Copilot is the brand name for Microsoft’s artificial intelligence tools. While they offer some free Copilot features, their two main offerings are the $20 per month Copilot Pro—designed for home and student consumers—and the $360 per year Copilot 365, designed for enterprise customers.
In mid-September 2024, Microsoft announced that Copilot 365 had moved from a preview to general availability. Copilot features are in many products, such as Teams, Word, PowerPoint, Outlook, and OneDrive. This article will focus on the features for Microsoft Excel.
To use Copilot in Excel, you need a subscription to Microsoft 365. Owners of the perpetual Office 2019 or Office 2024 will not have Copilot.
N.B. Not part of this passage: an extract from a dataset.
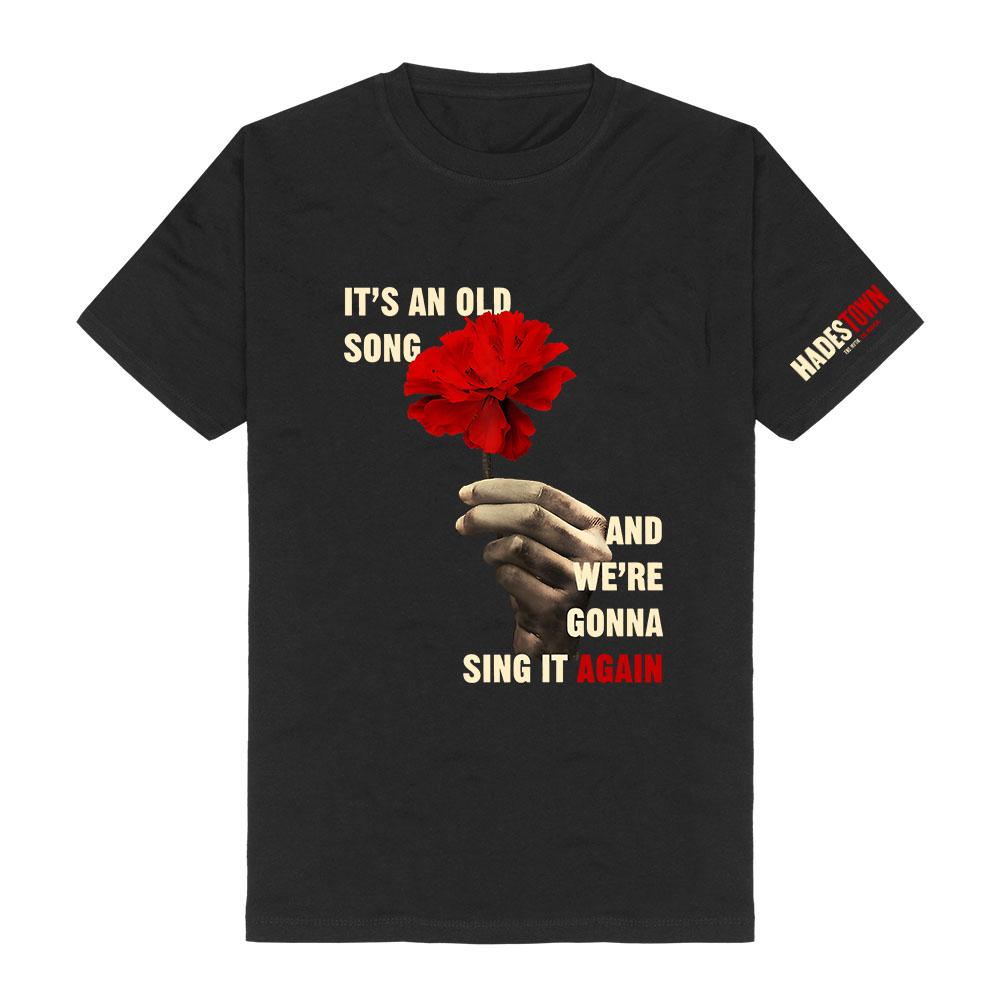 Unisex Streetwear Hadestown: Muzyczne Koszulki Z Krótkim Rękawem Bawełniane Modne T-shirty Z Okrągłym Dekoltem Codzienne Letnie Miękkie Damskie Koszulki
In addition to Microsoft 365, you’ll need someone in your IT department to use the Microsoft 365 Admin panel to assign a Copilot license to you.
To use Copilot in Excel, your data has to be stored in OneDrive or SharePoint Online. In addition, the AutoSave feature must be enabled. In the past, your data had to be stored in tables created with Ctrl+T or Format as Table or Insert Table. This requirement has been lifted.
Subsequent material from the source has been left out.